Source: Rock Merch Universe
Last week, writing in the Cleantech Blog, Richard Steubi asked if "In the wake of the BP oil spill in the Gulf, is this time different? Will the U.S. finally be able to change its stance on petroleum? Will the petroleum industry itself be irrevocably altered?" (See The Petroleum Industry: Past the Tipping Point?, July 5th)
He proceeded to answer the question with a resounding no, laying the blame on "ineffective posturing and inane bickering in Washington", which he concludes is driven by the vast amounts of cash that the petroleum industry is willing to spend to defend the status quo.
[Any discussion of U.S. energy policy has to include current efforts to craft some kind of climate bill - any kind of climate bill. Pew Center's Eileen Claussen for one seems to have accepted that the best that can now be achieved is a bill that caps only utility emissions.]
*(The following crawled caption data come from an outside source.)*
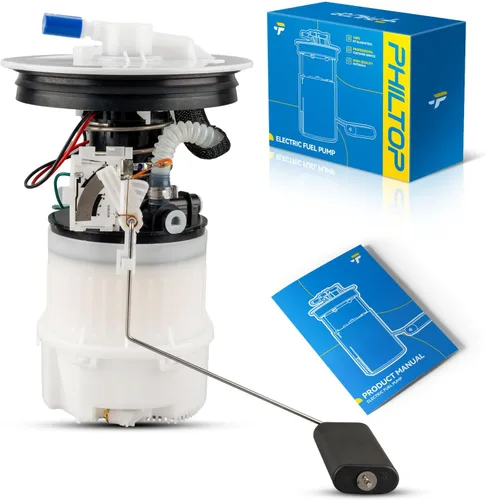 Vista 18 de PHILTOP Conjunto de Bomba de Combustible Eléctrica E3637S Reemplazo S10 1985-1991 1.9L 2.2L 2.5L 2.8L 4.3L, S15 1985-1990 1.9L 2.2L 2.5L 2.8L 4.3L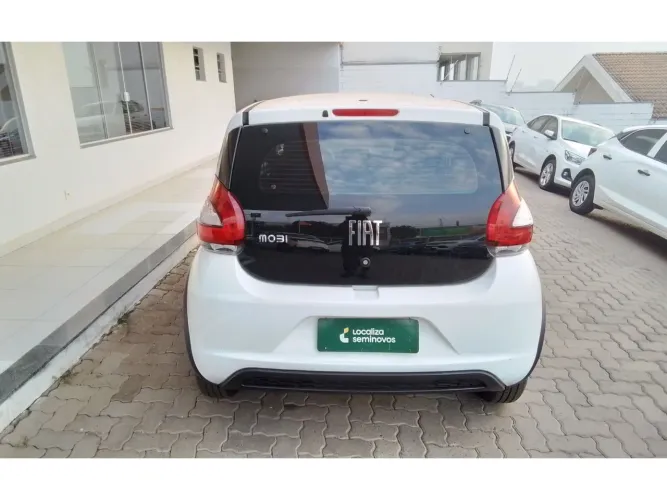 Fiat Mobi Like ON 1.0 Fire Flex 5P. 2023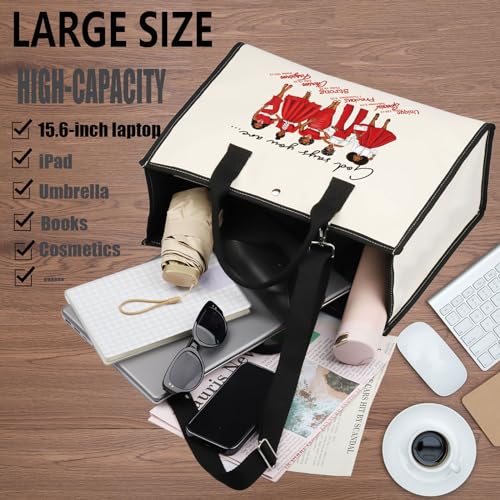 WZMPA Sorority Cosmetic Make up Bag Greek Sorority Gift God Says You Are Sorority Makeup Zipper Pouch Bag Sorority Paraphernalia (God Says Red-TB)
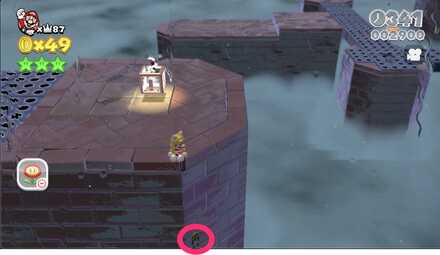 フラワー-11ドットルイージ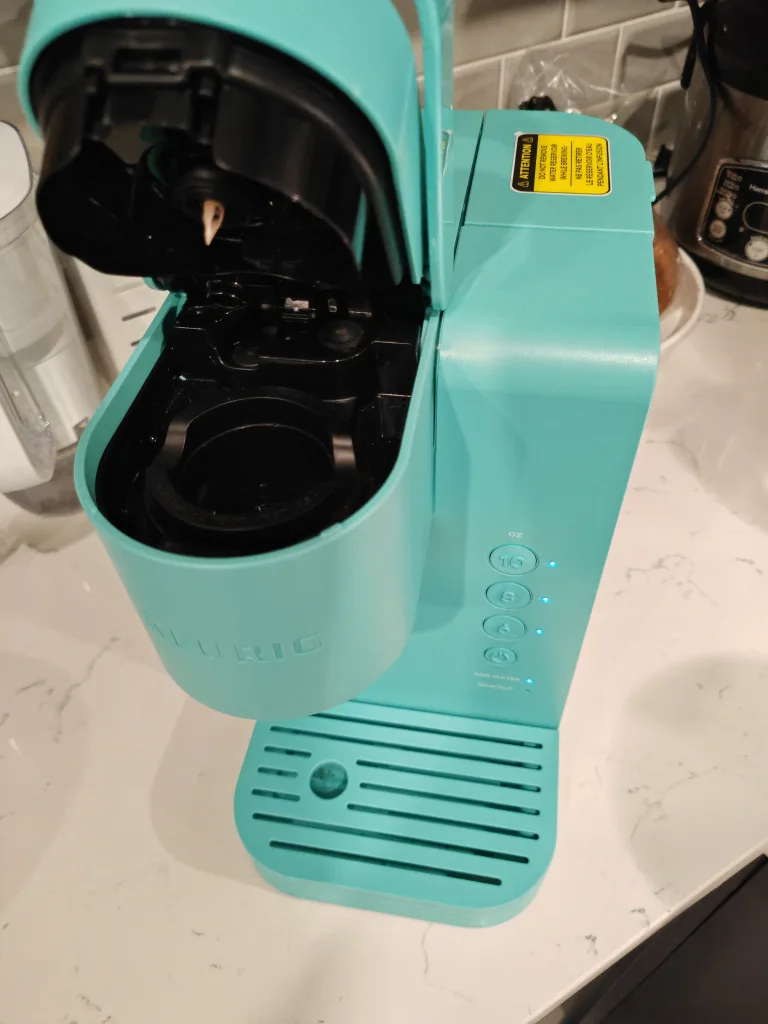 Keurig K-Mini Single Serve Coffee Maker - Teal image indicator(3)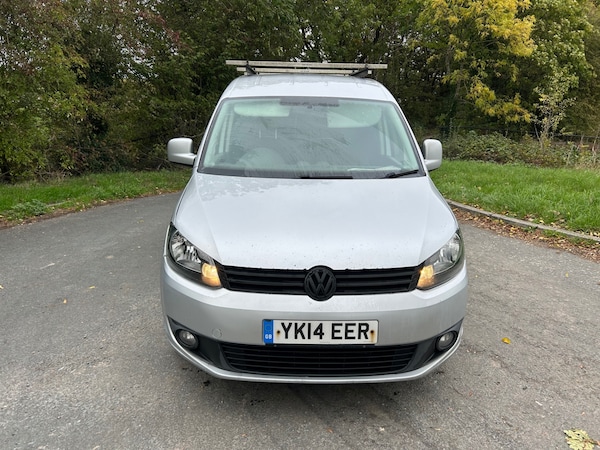 Used Volkswagen Caddy 2014 for sale - 76268637: Photo 2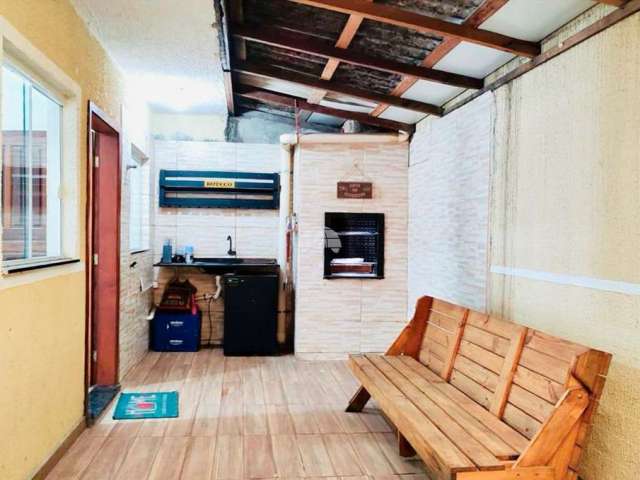 Casa com 3 quartos à venda na Rua São João, 21, Roseira, São José dos Pinhais, 62 m2 por R$ 339.000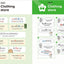 PREORDER Japanese Vocabulary & Phrases with Kawaii Illustrations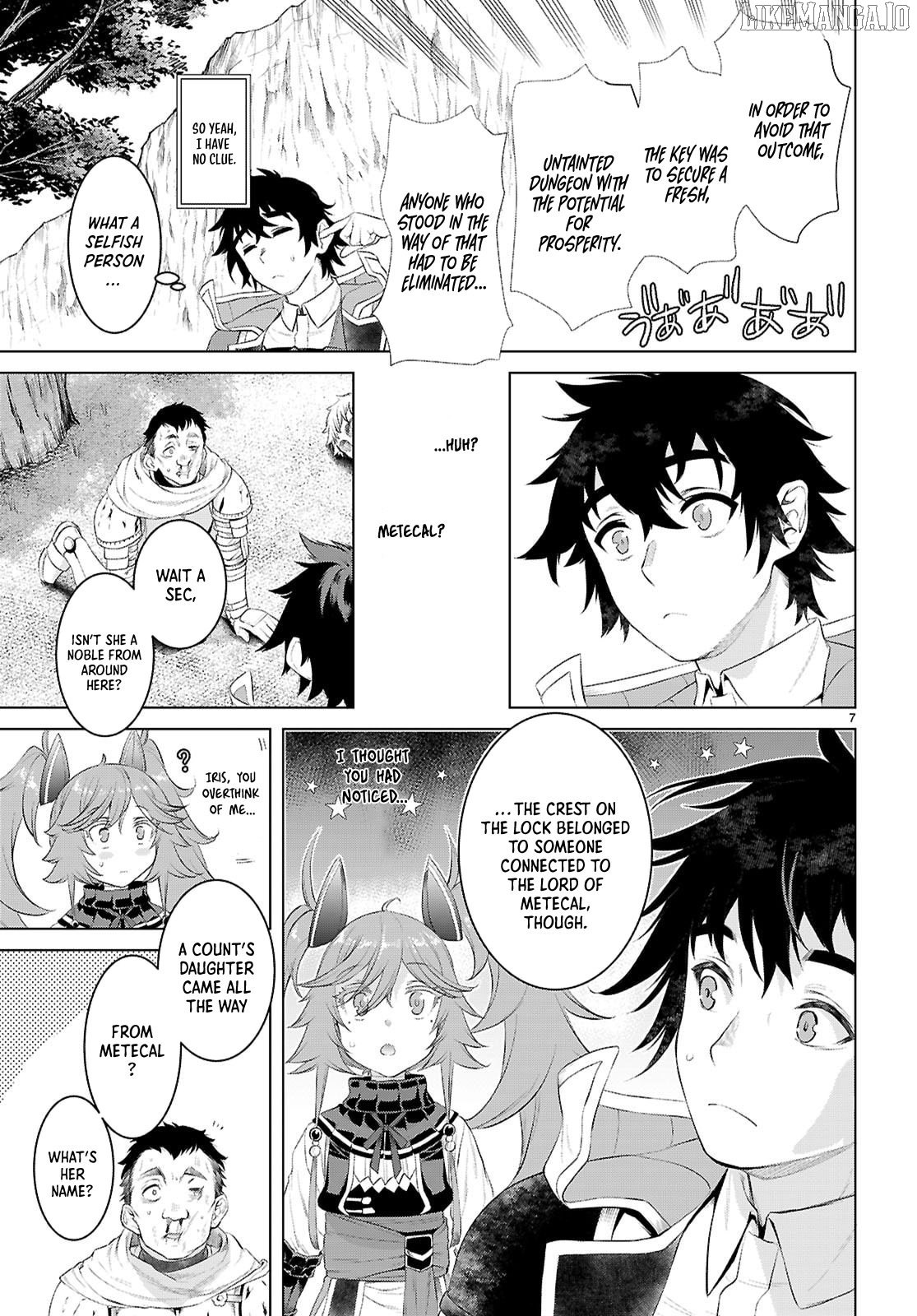 Isekai de Skill wo Kaitai shitara Cheat na Yome ga Zoushoku Shimashita: Gainen Kousa no Structure Chapter 79 - page 7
Steubi's skepticism leads him to look for change as a result of energy prices and from their he begins to riff off of Jeff Rubin's arguments, that in a world of Peak Oil its only a matter of time before oil prices are back in the triple digits. With the return of $150 plus oil, Rubin sees the need for a re-engineering of the global economy, driven not by policy makers in Washington (where they can't) or Ottawa (where they won't) or elsewhere, but by the micro-economic decisions that businesses and consumers will have to make to allow them to adjust to the market for declining supply.
Both Steubi and Rubin see a silver lining in the coming of Peak Oil -and the high energy prices that would accompany Peak Oil. A silver lining based on their view of a more sustainable global economy, including:
- Reversal of the globalization of manufacturing, bringing manufacturing jobs back to North America and Europe;
- Emergence of local economies, including more farmers markets (???); and
- Greater investment in national infrastructure, particularly public transportation infrastructure.
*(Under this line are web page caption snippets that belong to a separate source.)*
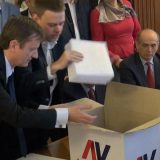 Predata kandidatura Vučića za predsednika 9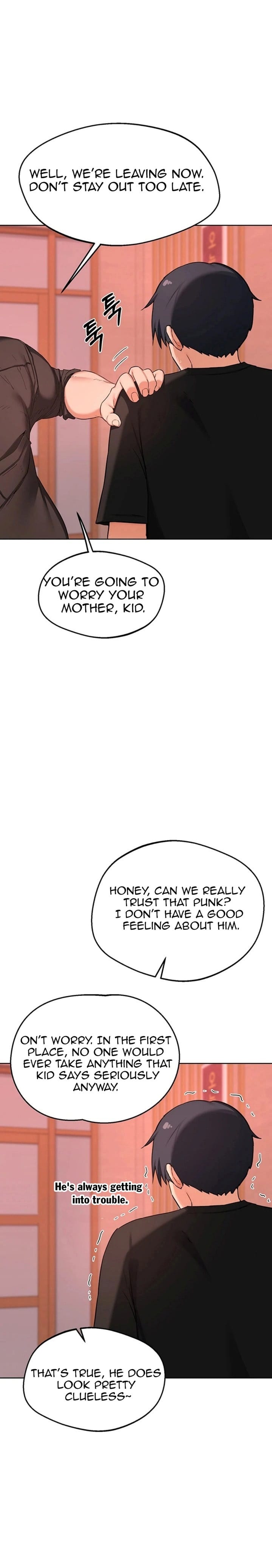 MILF Exchange Plan Uncensored, chapter 78, page 9 of 29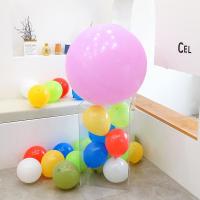 ราคา 5นิ้ว 10นิ้ว 12นิ้ว 18นิ้ว 36นิ้ว ลูกโป่งสีพาสเทล ลูกโป่งพาสเทสสีสวย ลูกโป่งมุกสีพาสเทล (21055796168)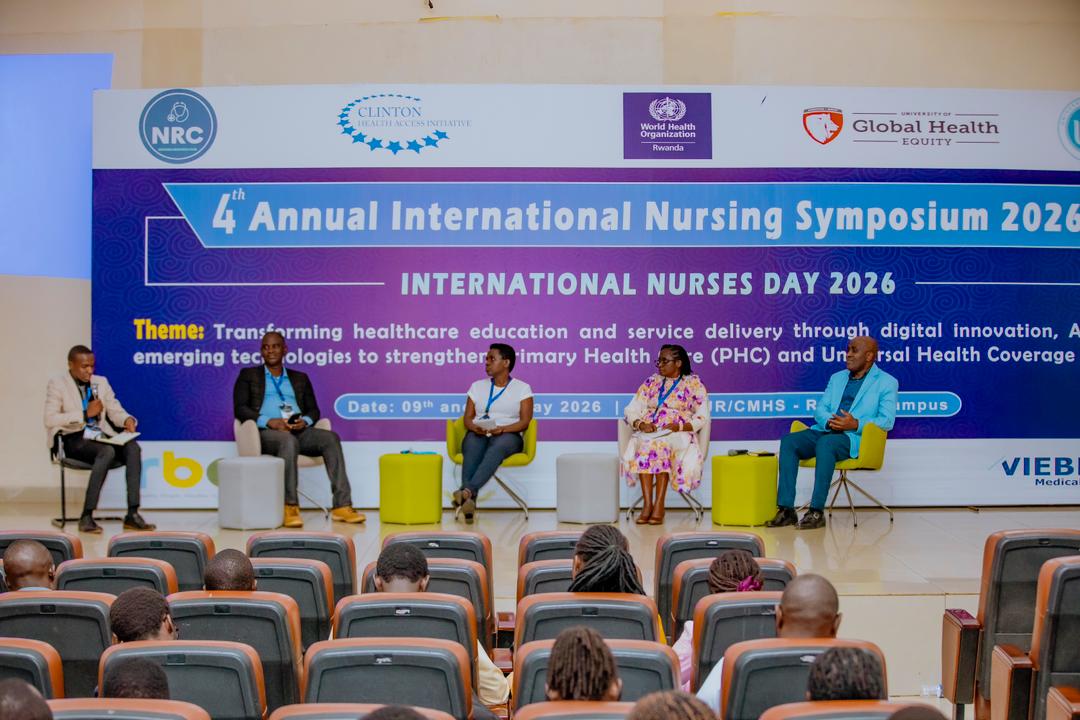 NursingR_Club's tweet photo. @WHORwanda @RBCRwanda @CHAI_health @ughe_org @ZiplineRwanda @TeamHeartKigali @ViebegM @rbarwanda @IGIHE @RwandaHealth @mdkayihura @stefaninkigali @ASG_Africa @Uni_Rwanda @NCNMRwanda @WHO @ur_sonm @UR_CMHS @nsanzimanasabin @AUCA_Rwanda @_AfricanUnion @mnls_nke @WHOAFRO @kibogora_poly @HareraJd @unicefrw @RwandaSupply @ConcordeBienven @HDIRwanda @ndayishimyeyves @UwamahoroPauli2 @CBPCRwanda @UCmhs @acreolglobal Panel Discussion 2 we have Dr Ogundeji Kalawole Damilare, Dr Mary Kamau WIINJIRA from @uonbi , Dr Claudine Muraraneza from @CHAI_health,Prof. Ernest TAMBO from @ughe_org . 
"Research Capacity Building: Mentorship, Publication, and Career Development for Early-Career Researchers" https://t.co/aW8K62jcMi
Jeff Rubin develops this theme in his book, Why Your World is About to Get a Whole Lot Smaller: Oil and the End of Globalization. And since I have not yet read it, I have to temper my comments. However, a couple of thoughts do jump out at me.
First, while I can see how a partial retrenching of globalization away from the current energy-intensive model may make for a more robust world (i.e. more resilient to spiking oil prices, reduced trade imbalances, particularly between the U.S. and China), any judgment of greater sustainability may only be from the point of view of the western economies. A significant loss of manufacturing might not look like a sustainable path to China.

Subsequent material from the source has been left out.